The internal discussions are in their early stages, and no decisions have been reached about whether to forgo charging some of those who illegally entered the Capitol on Jan. 6, according to multiple people familiar with the discussions.
Justice Department officials have promised a relentless effort to identify and arrest those who stormed the Capitol that day, but internally there is robust backand-forth about whether charging them all is the best course of action. That debate comes at a time when officials are keenly sensitive that the credibility of the Justice Department and the FBI are at stake in such decisions, given the apparent security and intelligence failures that preceded the riot, these people said, speaking on the condition of anonymity to discuss legal deliberations.

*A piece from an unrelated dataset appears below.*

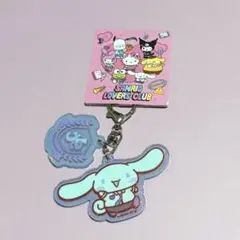 Item thumbnail for item 992d6340-98fe-4506-8435-4c726694201e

Federal officials estimate that roughly 800 people surged into the building, though they caution that such numbers are imprecise, and the real figure could be off by 100 or more in either direction. Among those roughly 800 people, FBI agents and prosecutors have so far seen a broad mix of behavior — from wanton vandalism to simply going with the crowd into the building.
Some federal officials have argued internally that people
who are known only to have committed unlawful entry should not be charged, according to people familiar with the discussions.

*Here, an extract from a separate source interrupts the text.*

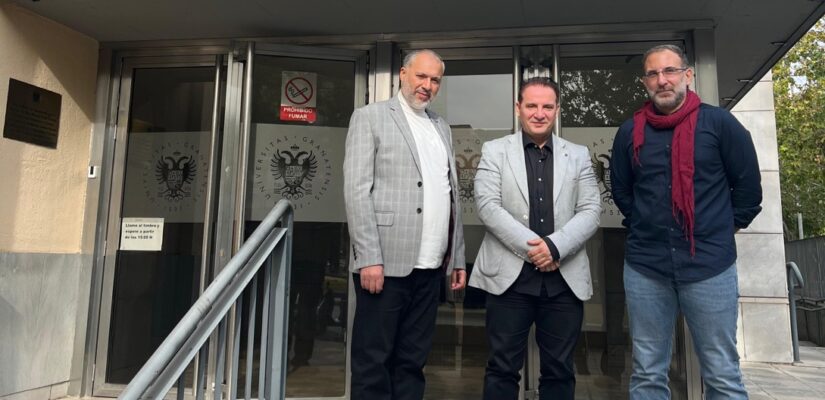 WhatsApp Image 2025-12-02 at 14.40.14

Other agents and prosecutors have pushed back against that suggestion, arguing that it is important to send a forceful message that the kind of political violence and mayhem on display Jan. 6 needs to be punished to the full extent of the law, so as to discourage similar conduct.
The Justice Department has already charged more than 135 individuals with committing crimes in or around the Capitol building, and many more are expected to be charged in the coming weeks and months. By mid-january, the FBI had already received more than 200,000 tips from the public about the riot, in addition to news footage and police officer testimony.
The primary objective for authorities is to determine which individuals, if any, planned, orchestrated or directed the violence. To that end, the FBI has already found worrying linkages within such extremist groups as the Proud Boys, Oath Keepers, and Three Percenters, and is looking
to see if those groups coordinated with each other to storm the building, according to people familiar with the investigation.
Prosecutors have signaled they are looking to bring charges of seditious conspiracy against anyone who planned and carried out violence aimed at the government — a charge that carries a maximum possible prison sentence of 20 years.
Nevertheless, these people said, some in federal law enforcement are concerned that charging people solely with unlawful entry, when they are not known to have committed any other bad acts, could lead to losses if they go to trial.
“If an old man says all he did was walk in and no one tried to stop him, and he walked out and no one tried to stop him, and that’s all we know about what he did, that’s a case we may not win,” one official said.
Meanwhile, defense lawyers for some of those charged are contemplating something akin to a “Trump defense” — that the president or other authority figures gave them permission or invited them to commit an otherwise illegal act.